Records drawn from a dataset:
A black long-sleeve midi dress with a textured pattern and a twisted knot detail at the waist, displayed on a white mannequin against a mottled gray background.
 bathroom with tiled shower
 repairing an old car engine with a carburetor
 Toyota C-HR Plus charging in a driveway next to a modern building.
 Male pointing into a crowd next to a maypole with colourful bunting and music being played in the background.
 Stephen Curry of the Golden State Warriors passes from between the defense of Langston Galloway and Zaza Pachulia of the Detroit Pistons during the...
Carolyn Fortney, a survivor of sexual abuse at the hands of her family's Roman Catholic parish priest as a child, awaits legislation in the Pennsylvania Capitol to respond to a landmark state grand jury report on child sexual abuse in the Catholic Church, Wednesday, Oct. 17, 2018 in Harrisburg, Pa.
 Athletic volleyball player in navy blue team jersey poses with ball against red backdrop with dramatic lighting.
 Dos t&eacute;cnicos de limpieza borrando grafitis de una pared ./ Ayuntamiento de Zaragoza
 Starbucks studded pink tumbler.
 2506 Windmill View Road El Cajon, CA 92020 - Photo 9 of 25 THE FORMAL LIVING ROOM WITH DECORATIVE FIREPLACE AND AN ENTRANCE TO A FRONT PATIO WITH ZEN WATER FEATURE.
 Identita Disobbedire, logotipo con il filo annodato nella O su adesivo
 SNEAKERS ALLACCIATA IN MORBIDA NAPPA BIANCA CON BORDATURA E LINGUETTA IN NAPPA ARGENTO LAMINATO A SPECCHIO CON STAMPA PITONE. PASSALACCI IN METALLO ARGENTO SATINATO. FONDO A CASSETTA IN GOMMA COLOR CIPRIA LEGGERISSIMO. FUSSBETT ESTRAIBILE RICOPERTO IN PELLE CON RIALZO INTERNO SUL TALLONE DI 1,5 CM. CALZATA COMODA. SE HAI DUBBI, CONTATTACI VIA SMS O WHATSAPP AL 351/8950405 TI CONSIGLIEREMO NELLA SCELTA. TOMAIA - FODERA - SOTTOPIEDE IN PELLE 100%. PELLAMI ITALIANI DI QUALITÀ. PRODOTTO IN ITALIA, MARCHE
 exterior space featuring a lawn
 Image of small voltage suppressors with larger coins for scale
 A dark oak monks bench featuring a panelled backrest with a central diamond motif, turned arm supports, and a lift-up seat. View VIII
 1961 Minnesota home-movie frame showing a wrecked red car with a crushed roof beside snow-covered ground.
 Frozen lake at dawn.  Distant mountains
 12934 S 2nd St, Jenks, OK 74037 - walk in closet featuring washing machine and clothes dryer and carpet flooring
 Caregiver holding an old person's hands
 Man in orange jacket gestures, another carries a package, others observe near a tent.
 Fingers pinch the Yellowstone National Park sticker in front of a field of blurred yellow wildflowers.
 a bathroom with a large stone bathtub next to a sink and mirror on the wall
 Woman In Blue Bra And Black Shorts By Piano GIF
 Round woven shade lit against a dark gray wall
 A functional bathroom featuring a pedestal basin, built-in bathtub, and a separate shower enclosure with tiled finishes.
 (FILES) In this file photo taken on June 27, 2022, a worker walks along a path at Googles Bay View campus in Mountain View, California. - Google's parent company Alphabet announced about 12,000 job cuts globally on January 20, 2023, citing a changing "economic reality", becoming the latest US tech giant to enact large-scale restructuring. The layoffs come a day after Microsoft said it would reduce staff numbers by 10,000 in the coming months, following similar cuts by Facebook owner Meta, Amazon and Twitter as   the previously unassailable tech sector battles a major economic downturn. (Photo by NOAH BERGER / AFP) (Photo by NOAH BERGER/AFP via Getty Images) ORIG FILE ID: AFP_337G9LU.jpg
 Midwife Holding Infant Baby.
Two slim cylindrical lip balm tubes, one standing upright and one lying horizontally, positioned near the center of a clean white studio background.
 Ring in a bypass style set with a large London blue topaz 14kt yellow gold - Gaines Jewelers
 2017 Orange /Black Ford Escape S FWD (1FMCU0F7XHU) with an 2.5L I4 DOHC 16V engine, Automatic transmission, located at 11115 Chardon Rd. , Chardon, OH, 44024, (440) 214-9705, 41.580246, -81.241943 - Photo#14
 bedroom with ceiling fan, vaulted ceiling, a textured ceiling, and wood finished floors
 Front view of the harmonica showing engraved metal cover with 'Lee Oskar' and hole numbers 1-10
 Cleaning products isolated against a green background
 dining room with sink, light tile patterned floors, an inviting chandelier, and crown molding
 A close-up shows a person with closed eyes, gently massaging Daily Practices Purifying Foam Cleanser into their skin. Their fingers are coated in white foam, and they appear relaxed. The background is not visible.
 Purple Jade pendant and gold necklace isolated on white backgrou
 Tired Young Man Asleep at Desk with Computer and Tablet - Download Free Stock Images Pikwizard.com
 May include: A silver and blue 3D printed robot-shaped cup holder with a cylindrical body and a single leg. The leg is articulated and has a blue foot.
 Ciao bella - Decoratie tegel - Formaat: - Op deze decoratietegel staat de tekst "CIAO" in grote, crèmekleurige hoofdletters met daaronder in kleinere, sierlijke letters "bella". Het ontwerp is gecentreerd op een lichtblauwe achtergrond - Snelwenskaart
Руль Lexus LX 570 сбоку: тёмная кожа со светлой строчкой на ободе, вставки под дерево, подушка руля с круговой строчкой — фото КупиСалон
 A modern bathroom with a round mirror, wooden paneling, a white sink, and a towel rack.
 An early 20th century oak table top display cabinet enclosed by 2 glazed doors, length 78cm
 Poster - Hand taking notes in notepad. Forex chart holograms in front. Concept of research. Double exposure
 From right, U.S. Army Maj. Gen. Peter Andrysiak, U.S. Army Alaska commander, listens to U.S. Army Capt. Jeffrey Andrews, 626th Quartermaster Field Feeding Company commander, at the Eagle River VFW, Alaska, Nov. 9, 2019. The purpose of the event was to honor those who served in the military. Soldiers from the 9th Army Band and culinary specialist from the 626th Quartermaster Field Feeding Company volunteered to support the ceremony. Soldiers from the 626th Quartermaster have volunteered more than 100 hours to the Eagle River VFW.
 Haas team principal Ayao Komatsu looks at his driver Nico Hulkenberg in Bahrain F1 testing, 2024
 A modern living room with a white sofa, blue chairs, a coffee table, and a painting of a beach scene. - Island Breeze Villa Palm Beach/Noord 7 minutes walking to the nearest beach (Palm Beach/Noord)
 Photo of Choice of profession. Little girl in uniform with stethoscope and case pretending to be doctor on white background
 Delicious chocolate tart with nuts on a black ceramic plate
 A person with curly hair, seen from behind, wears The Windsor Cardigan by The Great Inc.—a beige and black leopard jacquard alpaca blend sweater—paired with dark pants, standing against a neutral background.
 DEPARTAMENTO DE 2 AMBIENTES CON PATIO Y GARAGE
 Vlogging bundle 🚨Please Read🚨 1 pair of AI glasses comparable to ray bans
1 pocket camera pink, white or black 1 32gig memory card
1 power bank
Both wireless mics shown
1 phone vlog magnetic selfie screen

WORK TO BE COMPLETED | Select the lines from the entries that include the word "modern".

RESPONSE BELOW |
 Toyota C-HR Plus charging in a driveway next to a modern building.
 A modern bathroom with a round mirror, wooden paneling, a white sink, and a towel rack.
 A modern living room with a white sofa, blue chairs, a coffee table, and a painting of a beach scene. - Island Breeze Villa Palm Beach/Noord 7 minutes walking to the nearest beach (Palm Beach/Noord)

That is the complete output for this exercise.